Have you downloaded anything from them lately?

Is it possible that they were compromised only recently?


----------



## hewee (Oct 26, 2001)

Been using programs from Nirsoft for years and they are safe. Also no install is needed on most of them so that is great. They have a whole lot of great programs too.


----------



## Phantom010 (Mar 9, 2009)

Just downloaded *ChromeHistoryView* to my computer a few minutes ago and scanned it with ESET's NOD32 and Malwarebytes' Anti-Malware. It's clean.


----------



## simr (May 13, 2013)

Okay, you have me convinced.
I just wanna get your interpretation on this.


----------



## Phantom010 (Mar 9, 2009)

AVG flags it as "potentially" active malware. On the same page, users have rated Nirsoft 85% positive. It's one of the very few scanners that have actually found it to be a threat. I wouldn't worry about it.


----------



## Phantom010 (Mar 9, 2009)

*WOT* gives Nirsoft an excellent rating as well.
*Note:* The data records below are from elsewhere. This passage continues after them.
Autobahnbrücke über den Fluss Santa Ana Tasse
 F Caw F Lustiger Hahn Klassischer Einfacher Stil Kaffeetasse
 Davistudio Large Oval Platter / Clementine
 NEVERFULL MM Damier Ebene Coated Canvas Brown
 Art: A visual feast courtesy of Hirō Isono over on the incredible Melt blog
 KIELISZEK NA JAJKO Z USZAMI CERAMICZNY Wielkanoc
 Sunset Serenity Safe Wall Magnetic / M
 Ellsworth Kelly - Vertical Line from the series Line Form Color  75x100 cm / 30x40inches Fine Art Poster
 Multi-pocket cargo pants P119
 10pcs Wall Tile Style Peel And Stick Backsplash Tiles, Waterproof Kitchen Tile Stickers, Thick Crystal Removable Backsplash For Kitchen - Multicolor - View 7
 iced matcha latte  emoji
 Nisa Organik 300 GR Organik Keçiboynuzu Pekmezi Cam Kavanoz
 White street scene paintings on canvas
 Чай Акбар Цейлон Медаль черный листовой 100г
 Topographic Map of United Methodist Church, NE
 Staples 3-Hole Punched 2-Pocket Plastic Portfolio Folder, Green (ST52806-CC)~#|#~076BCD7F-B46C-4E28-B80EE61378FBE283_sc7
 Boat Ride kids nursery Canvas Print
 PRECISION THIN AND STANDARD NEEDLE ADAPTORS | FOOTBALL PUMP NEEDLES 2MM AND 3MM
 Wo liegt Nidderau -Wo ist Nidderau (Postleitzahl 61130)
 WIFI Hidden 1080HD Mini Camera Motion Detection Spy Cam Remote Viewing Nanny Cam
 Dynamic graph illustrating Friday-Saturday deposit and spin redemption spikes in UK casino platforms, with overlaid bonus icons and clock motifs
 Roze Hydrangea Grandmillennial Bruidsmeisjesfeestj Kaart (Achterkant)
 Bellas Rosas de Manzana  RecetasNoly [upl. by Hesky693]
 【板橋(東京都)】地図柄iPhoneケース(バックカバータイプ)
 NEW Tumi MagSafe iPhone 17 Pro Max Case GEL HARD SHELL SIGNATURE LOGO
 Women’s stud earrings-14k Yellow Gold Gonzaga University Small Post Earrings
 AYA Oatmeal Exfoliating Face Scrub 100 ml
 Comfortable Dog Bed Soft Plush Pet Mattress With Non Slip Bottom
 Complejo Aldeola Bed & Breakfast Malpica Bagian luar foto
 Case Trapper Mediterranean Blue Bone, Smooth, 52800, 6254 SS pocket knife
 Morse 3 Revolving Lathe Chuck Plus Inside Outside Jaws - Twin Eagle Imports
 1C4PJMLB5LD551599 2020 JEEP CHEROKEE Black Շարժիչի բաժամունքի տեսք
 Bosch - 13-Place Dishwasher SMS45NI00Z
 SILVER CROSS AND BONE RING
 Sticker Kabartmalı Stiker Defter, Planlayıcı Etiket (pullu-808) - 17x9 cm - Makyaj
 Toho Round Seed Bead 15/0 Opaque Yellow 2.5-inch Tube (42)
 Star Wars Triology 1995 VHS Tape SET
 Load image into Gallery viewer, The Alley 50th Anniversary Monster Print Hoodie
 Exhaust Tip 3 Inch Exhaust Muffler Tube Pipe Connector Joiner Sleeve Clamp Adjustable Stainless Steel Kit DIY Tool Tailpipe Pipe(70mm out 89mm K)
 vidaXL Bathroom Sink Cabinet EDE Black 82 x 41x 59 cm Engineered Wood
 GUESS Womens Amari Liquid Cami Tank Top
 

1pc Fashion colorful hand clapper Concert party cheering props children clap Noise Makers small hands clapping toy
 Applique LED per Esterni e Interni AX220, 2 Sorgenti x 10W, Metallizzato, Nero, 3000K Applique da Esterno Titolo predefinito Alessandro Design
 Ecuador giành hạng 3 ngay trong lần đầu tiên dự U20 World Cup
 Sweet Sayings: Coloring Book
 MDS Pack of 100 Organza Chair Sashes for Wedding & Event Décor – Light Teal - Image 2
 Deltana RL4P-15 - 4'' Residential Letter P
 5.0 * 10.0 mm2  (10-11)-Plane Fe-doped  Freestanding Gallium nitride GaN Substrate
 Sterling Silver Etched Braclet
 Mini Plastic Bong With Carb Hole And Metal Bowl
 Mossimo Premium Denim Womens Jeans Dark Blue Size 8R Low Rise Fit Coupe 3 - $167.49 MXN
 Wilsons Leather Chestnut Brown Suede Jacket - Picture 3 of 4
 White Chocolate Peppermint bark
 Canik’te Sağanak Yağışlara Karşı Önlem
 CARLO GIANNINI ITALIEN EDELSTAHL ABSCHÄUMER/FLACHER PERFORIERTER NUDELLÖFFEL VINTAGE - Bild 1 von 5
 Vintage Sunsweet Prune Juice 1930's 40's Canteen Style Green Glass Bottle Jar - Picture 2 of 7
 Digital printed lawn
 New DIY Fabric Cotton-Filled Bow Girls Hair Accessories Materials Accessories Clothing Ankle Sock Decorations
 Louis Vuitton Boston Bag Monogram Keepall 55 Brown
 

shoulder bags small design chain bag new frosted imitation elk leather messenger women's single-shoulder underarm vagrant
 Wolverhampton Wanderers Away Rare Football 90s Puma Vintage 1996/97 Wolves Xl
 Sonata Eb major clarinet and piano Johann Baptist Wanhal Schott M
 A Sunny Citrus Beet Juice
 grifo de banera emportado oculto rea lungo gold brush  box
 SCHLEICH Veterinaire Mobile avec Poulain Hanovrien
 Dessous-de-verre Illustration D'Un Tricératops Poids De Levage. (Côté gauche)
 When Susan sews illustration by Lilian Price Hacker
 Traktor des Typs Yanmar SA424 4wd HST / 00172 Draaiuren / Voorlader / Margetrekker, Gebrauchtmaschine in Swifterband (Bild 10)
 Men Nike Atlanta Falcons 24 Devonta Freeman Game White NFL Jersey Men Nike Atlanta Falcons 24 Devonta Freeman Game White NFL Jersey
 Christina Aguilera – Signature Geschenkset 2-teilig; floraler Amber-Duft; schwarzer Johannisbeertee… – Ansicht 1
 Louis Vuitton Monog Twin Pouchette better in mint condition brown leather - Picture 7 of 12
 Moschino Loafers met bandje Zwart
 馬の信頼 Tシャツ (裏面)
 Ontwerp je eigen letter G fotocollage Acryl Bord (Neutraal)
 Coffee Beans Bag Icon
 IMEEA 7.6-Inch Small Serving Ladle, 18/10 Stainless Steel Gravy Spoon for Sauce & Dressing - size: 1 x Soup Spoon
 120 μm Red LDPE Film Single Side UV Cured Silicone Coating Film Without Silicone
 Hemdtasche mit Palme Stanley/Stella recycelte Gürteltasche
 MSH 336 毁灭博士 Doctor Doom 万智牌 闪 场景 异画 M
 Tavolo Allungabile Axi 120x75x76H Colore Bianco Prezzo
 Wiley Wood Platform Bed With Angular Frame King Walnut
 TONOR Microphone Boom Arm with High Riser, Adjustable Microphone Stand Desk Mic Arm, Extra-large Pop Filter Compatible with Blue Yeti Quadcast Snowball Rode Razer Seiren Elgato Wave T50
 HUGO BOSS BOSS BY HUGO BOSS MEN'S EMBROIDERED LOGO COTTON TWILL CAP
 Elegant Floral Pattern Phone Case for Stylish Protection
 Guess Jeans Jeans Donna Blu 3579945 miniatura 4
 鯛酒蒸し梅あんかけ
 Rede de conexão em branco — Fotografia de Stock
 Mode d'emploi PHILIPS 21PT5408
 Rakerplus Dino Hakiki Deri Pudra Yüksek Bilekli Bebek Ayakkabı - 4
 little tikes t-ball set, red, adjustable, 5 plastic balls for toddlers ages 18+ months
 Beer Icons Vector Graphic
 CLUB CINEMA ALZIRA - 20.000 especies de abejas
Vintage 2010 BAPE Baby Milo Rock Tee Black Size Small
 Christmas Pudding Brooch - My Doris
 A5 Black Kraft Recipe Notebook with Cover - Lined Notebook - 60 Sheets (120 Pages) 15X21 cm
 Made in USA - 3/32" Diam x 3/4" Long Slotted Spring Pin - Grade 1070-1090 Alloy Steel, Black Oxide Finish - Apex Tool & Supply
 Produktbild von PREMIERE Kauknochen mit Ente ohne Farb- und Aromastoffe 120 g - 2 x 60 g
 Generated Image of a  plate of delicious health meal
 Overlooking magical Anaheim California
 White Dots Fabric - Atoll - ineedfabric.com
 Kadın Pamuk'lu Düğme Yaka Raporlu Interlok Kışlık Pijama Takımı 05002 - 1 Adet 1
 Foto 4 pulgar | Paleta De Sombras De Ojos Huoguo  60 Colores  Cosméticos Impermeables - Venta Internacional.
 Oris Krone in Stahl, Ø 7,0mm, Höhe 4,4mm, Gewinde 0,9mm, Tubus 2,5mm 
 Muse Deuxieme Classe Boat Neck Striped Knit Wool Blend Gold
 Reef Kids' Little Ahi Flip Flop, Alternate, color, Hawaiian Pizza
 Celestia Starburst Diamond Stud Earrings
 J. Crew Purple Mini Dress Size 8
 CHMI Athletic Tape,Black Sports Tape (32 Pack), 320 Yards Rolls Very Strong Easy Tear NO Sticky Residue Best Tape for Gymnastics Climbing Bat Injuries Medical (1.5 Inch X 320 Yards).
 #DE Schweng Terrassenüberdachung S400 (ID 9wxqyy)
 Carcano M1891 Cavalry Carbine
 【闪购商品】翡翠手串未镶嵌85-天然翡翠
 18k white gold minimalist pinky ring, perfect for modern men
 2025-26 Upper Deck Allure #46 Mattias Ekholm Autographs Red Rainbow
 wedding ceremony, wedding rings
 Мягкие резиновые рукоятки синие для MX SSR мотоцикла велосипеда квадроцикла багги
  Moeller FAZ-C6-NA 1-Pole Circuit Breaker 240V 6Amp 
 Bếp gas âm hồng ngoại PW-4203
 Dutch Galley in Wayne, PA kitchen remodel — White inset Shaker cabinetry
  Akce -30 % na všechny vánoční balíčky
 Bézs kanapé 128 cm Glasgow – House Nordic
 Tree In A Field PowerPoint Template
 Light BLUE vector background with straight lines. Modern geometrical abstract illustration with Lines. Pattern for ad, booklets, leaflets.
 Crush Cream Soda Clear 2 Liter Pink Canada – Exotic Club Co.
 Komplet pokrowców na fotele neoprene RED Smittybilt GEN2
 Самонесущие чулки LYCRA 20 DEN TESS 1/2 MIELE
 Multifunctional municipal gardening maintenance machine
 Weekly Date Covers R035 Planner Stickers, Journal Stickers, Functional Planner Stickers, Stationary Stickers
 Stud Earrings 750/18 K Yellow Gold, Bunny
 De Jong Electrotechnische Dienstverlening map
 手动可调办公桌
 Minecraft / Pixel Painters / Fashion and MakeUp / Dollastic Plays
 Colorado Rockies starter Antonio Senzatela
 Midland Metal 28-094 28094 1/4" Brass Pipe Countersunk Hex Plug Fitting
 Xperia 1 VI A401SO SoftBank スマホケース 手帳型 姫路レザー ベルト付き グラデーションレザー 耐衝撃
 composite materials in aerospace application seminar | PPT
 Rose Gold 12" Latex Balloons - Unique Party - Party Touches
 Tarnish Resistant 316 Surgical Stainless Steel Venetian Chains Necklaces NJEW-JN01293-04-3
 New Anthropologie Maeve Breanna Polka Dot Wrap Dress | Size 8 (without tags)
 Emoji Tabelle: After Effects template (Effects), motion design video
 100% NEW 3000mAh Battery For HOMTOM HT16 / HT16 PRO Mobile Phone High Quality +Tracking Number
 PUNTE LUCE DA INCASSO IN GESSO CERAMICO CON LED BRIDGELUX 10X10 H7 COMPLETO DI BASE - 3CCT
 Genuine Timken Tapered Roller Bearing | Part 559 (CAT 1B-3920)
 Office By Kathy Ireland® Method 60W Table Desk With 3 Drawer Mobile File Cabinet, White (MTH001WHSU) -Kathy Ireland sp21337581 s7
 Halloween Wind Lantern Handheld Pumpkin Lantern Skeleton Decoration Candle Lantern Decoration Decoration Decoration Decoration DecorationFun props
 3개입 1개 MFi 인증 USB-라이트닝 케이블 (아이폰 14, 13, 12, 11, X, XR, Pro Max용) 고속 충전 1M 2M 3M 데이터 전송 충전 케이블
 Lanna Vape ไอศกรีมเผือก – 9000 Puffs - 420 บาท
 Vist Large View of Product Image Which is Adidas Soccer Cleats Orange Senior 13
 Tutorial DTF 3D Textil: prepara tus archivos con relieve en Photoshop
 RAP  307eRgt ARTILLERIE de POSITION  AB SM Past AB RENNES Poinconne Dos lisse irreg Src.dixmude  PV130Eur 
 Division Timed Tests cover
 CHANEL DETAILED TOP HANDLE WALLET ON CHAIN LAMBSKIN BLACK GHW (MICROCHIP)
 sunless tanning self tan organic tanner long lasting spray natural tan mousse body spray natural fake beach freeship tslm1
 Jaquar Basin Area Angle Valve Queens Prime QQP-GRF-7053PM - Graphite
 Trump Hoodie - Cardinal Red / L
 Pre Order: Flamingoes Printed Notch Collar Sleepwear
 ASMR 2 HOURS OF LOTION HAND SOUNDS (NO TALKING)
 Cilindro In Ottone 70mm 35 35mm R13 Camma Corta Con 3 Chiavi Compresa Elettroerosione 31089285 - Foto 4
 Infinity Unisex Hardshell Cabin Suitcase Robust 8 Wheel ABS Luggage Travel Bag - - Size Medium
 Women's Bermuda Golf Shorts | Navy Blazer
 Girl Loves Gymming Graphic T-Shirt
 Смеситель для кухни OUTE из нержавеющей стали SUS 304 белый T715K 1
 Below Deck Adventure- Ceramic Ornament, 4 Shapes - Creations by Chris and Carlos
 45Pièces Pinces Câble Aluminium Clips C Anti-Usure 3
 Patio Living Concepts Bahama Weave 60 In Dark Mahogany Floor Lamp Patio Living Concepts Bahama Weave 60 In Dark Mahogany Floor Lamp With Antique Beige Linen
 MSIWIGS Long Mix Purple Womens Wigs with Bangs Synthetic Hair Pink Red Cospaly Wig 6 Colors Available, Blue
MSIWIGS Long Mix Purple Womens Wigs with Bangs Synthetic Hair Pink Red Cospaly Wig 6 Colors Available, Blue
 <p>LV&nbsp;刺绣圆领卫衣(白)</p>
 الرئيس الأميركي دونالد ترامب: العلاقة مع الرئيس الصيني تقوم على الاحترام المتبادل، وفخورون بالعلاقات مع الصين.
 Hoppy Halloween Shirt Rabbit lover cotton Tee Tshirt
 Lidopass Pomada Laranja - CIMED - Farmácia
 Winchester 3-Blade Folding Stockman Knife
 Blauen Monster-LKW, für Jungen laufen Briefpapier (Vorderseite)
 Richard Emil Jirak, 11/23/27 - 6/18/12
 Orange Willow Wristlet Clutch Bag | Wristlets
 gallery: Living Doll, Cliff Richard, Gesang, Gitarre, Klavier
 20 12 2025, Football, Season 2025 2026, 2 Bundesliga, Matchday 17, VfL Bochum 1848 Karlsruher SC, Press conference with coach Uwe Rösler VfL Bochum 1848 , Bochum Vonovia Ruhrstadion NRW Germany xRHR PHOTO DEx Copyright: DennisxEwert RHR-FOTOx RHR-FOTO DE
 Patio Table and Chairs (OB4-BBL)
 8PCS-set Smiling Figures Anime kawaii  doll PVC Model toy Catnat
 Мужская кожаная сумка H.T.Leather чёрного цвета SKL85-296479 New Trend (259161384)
Read the comments. They may explain why some security programs can flag Nirsoft.


----------



## simr (May 13, 2013)

Thank you Phantom010.

Though I'm also curious as to what you think of *SQLite Database Browser* (and the portable version) for Firefox.


----------



## Phantom010 (Mar 9, 2009)

I don't have much to say about it. It may be more complicated than what you really need. Or will it really show you what you want? Only way to find out is to try it.


----------



## simr (May 13, 2013)

All I want is a easy way to view the history from all browsers together, and Chrome makes it really difficult to view older history.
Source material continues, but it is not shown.